The input

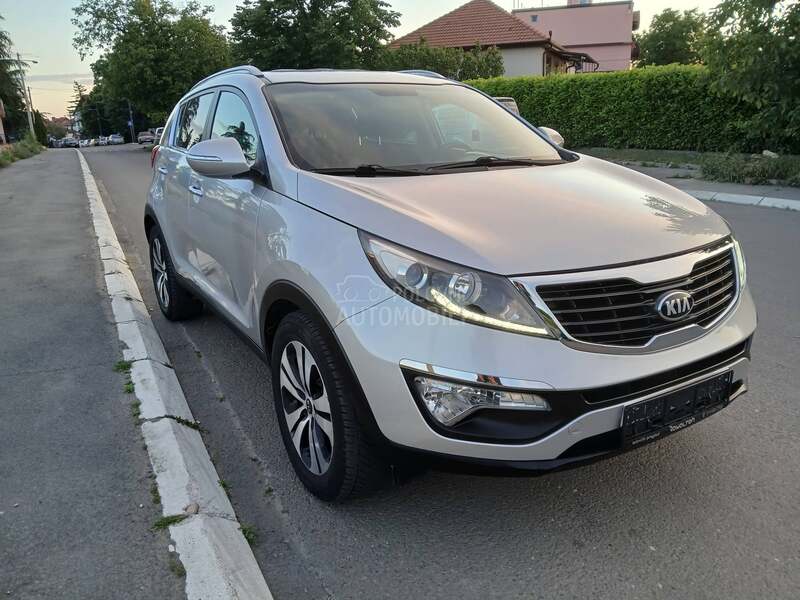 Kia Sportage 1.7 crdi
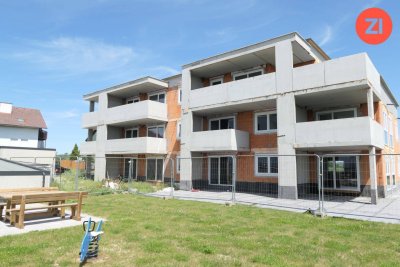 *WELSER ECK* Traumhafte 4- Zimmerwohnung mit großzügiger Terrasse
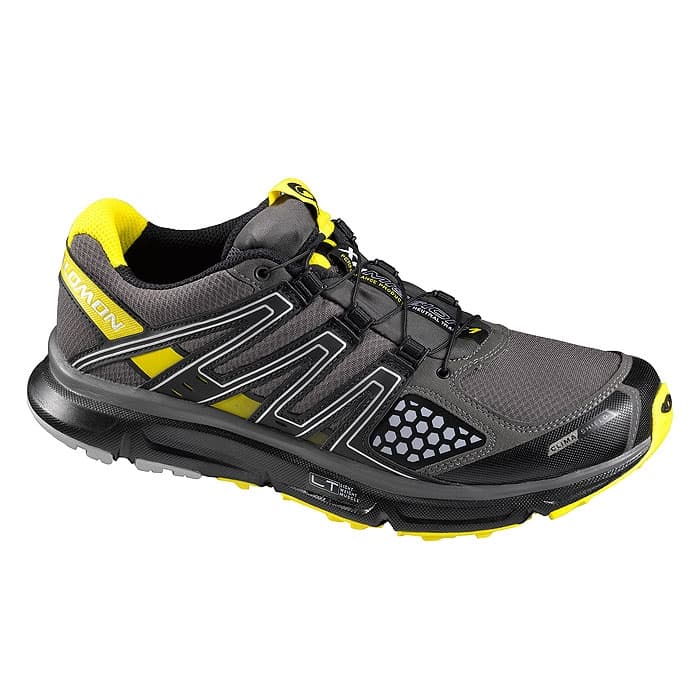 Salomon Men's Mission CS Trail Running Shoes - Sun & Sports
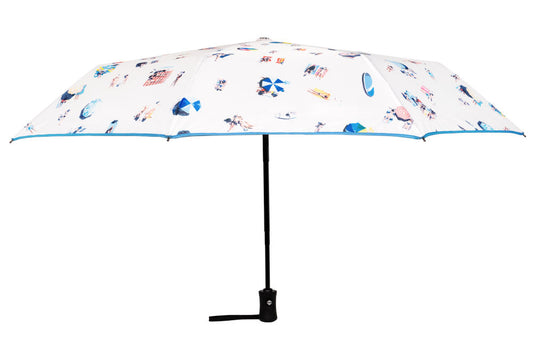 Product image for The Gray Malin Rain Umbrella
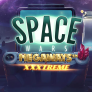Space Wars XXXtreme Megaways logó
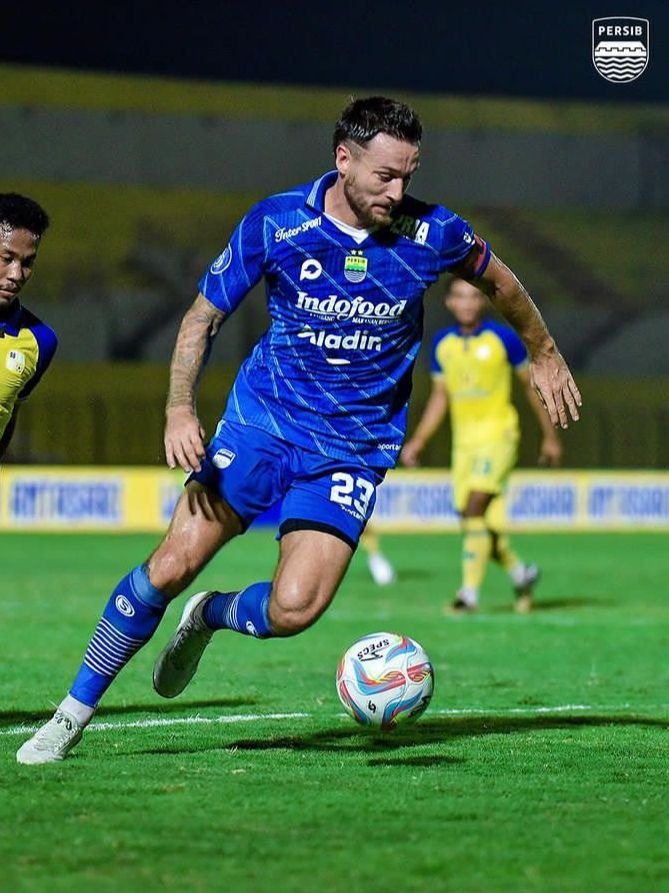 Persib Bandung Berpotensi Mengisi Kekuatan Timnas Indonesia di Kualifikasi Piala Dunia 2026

About this task
The required answer is every line from the one containing "Space Wars XXXtreme Megaways logó" through the last line of the entries, restated word for word and with no pictures.

Solution for this problem
Space Wars XXXtreme Megaways logó
 Persib Bandung Berpotensi Mengisi Kekuatan Timnas Indonesia di Kualifikasi Piala Dunia 2026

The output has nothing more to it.